Both cerebral palsy and autism spectrum disorder are umbrella terms, meaning that they cover a lot of various conditions and severities.
Cerebral palsy and autism can present themselves one way in one person and completely different in another.
This article will go over the differences and similarities between cerebral palsy and autism, as well as what to expect when they co-occur.
Comparing Cerebral Palsy and Autism
Roughly 7% of children with cerebral palsy also have autism spectrum disorder.
These 2 disorders are not related to one another but commonly co-occur and affect childhood development.
Cerebral palsy is a motor disorder, meaning that it mainly affects one’s ability to move.
In contrast, autism is a cognitive disorder that affects one’s behavior and communication skills.
One is a physical disorder while the other is psychiatric.
A combination of these two complex disorders can be a little bit tricky. Children with autism typically prefer doing things on their own; however, the motor impairments caused by CP may require some dependence.
Both conditions allow a lot of room for misunderstandings and difficult interactions.
Just like any developmental disorder, the severity can range quite a bit and no two cases of cerebral palsy or autism will be exactly alike.
Many people with cerebral palsy can independently walk, and many people with autism can speak and are extremely intelligent.
Differences in Development
Cerebral palsy is the result of brain damage before, during, or after birth into early childhood.
While autism also develops during these early stages of life, symptoms may not present themselves until the infant gets a little bit older.

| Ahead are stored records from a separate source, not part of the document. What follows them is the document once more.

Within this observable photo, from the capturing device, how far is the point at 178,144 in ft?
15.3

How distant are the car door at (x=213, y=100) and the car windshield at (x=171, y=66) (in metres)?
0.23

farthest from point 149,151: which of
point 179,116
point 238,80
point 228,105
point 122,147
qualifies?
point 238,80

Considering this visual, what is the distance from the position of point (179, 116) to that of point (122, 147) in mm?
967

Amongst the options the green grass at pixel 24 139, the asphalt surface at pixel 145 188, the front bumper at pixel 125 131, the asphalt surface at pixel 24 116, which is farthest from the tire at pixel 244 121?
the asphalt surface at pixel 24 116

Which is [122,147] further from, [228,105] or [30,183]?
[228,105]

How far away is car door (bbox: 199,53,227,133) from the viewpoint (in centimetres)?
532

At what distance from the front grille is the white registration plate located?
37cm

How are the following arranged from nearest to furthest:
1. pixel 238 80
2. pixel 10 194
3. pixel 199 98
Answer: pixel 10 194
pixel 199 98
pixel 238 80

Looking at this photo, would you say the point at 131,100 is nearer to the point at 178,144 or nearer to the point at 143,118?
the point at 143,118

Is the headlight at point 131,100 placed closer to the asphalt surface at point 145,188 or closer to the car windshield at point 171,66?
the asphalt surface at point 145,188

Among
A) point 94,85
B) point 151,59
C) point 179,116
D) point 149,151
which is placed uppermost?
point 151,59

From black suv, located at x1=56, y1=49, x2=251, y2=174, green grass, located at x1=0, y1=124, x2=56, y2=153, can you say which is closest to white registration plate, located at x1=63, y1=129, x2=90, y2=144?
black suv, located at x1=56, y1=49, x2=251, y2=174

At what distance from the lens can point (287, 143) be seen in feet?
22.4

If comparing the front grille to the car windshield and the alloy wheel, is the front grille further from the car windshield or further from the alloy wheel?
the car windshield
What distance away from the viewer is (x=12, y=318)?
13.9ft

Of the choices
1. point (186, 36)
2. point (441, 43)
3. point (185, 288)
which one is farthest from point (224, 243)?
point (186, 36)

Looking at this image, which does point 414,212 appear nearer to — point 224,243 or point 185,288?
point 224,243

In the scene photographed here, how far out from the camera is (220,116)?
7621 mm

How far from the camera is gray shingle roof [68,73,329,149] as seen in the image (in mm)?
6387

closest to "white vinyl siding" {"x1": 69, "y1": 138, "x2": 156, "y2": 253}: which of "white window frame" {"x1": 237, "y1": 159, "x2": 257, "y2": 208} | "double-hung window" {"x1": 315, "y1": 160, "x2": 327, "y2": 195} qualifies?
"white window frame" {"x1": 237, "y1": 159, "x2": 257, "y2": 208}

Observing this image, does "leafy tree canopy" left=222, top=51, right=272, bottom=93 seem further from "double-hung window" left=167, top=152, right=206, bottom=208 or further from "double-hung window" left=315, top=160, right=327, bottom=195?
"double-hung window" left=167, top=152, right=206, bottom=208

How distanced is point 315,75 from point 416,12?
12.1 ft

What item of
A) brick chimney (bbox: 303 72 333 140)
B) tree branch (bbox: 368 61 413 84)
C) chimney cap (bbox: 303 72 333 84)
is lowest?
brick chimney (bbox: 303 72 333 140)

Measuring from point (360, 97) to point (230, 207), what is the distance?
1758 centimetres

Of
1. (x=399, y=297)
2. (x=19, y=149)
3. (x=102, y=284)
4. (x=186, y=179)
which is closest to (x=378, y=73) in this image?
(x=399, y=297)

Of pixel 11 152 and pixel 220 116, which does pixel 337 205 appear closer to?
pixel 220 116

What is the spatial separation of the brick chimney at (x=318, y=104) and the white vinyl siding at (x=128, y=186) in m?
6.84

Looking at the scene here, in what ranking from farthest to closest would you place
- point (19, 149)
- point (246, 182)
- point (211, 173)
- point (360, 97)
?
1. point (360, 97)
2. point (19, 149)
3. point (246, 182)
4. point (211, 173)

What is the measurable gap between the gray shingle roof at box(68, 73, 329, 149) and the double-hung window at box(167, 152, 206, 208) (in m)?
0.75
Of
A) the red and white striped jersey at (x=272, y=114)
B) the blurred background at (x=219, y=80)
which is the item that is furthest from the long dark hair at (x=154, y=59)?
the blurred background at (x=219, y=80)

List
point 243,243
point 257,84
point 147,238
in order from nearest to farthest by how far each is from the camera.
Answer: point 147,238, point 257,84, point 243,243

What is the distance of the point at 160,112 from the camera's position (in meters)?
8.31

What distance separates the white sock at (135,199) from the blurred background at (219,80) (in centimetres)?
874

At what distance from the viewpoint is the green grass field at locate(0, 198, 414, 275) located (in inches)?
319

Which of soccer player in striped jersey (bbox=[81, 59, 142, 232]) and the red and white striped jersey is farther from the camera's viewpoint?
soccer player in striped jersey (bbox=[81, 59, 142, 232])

Because cerebral palsy is a motor impairment, its symptoms are usually more apparent at earlier ages than autism.
Most children with autism spectrum disorder are diagnosed after age 4 because common signs of autism like tantrums, inability to speak, and lack of eye contact often just seem like normal things for infants to do.
Common Signs of Autism
As previously mentioned, autism is a spectrum disorder. The signs apparent in one person with autism may be completely different in another.
Common signs of autism include:
- Poor use of eye contact, facial expressions, and gestures
- Difficulty understanding social situations and body language
- Uncontrollable outbursts
- Repetitive or obsessive behavior and movements
- Difficulties making friends and initiating/ sustaining conversations
- Delay in or complete lack of speech
- Being extremely particular about how things are done and stubborn about change
- Hypersensitivity to sounds or touch
There used to be 5 different types of autism (Asperger’s. autistic disorder, pervasive developmental disorder, childhood disintegrative syndrome, and Rett syndrome).

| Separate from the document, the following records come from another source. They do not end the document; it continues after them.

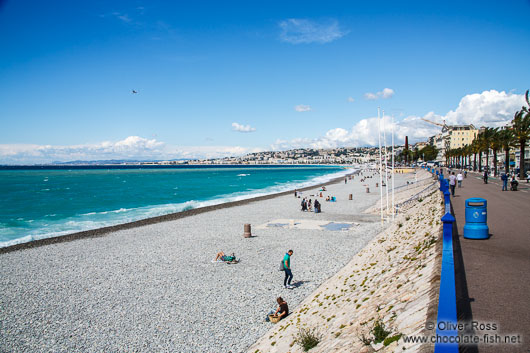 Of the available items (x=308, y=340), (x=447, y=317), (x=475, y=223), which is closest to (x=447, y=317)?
(x=447, y=317)

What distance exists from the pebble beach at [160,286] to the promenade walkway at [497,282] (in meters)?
6.33

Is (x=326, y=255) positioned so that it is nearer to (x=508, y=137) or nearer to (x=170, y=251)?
(x=170, y=251)

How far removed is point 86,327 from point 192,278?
17.4 feet

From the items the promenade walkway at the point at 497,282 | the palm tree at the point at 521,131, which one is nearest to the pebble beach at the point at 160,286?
the promenade walkway at the point at 497,282

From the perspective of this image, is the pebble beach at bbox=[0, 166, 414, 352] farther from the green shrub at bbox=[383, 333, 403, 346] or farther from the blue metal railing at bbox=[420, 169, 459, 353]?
the blue metal railing at bbox=[420, 169, 459, 353]

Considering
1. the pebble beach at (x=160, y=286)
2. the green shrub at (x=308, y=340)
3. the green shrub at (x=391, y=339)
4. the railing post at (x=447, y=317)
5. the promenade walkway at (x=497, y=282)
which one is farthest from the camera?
the pebble beach at (x=160, y=286)

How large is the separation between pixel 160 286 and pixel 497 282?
43.5 ft

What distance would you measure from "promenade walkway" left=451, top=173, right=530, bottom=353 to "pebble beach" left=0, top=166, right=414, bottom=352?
20.8ft

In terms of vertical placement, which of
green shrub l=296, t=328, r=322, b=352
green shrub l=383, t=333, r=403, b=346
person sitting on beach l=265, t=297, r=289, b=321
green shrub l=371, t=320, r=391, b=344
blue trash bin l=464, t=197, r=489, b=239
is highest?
blue trash bin l=464, t=197, r=489, b=239

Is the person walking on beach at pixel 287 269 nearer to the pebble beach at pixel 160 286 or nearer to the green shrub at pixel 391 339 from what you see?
the pebble beach at pixel 160 286

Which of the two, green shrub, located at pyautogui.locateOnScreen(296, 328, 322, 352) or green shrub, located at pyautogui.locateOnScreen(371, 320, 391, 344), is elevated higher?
green shrub, located at pyautogui.locateOnScreen(371, 320, 391, 344)

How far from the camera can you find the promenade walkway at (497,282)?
5352 millimetres

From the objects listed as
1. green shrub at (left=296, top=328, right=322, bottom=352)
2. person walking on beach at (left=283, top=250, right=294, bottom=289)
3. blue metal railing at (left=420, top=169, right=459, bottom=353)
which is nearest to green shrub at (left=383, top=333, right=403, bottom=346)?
blue metal railing at (left=420, top=169, right=459, bottom=353)

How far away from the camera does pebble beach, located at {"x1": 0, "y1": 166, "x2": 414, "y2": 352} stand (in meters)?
11.4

However, all these different types of autism were confusing to differentiate due to inconsistent diagnoses.
So in 2013, it was decided that all the symptoms would fall under the single diagnosis of “autism spectrum disorder.”
Severity is classified into 3 different levels (from level 1 indicating mild to level 3 indicating severe).
What Causes Autism?
Multiple genetic and environmental factors can contribute to autism, but the exact cause is still unknown.
Autism can be genetic, but not always. Sometimes parents of children with autism don’t have a family history of the disorder and it’s the result of a genetic mutation.
Studies show that the chances of both identical twins having autism are about 36-95% while the chances of both fraternal twins having autism are about 31%.
Parents with an autistic child should also be aware that the chances of having a second child with autism range from 2-18%.
Other factors that increase the risk of having a child with autism include increased parental age, prenatal exposure to chemicals, premature birth, and oxygen deprivation.
Vaccines do not cause autism and many studies find vaccines safe for disease prevention.
Managing Cerebral Palsy and Autism
There is no cure to reverse the effects of cerebral palsy and autism.
However, your child can learn to effectively manage these developmental disorders through various types of therapy.
Physical therapy will help your child improve their strength and mobility.
Occupational therapy will teach your child activities of daily living like using the bathroom or putting on clothes.
Speech therapy will teach your child how to communicate and socialize more effectively.
Behavior therapy will help your child phase-out of unhealthy or destructive behaviors.
Early intervention is important for promoting verbal communication and social skills in children with autism.
Younger brains are more malleable and have a better chance of recovery.
Hopefully, this article helped you understand what to expect when your child has cerebral palsy and autism.
Keep in mind that your child’s condition is unique. What works for some kids with CP and autism may not work for yours.
Nobody knows your child as well as you do, so be patient and pay attention to his/her behaviors, triggers, and preferences.
Don’t be afraid to experiment. With time, you’ll discover what coping mechanisms, exercises, and forms of communication work best for your child.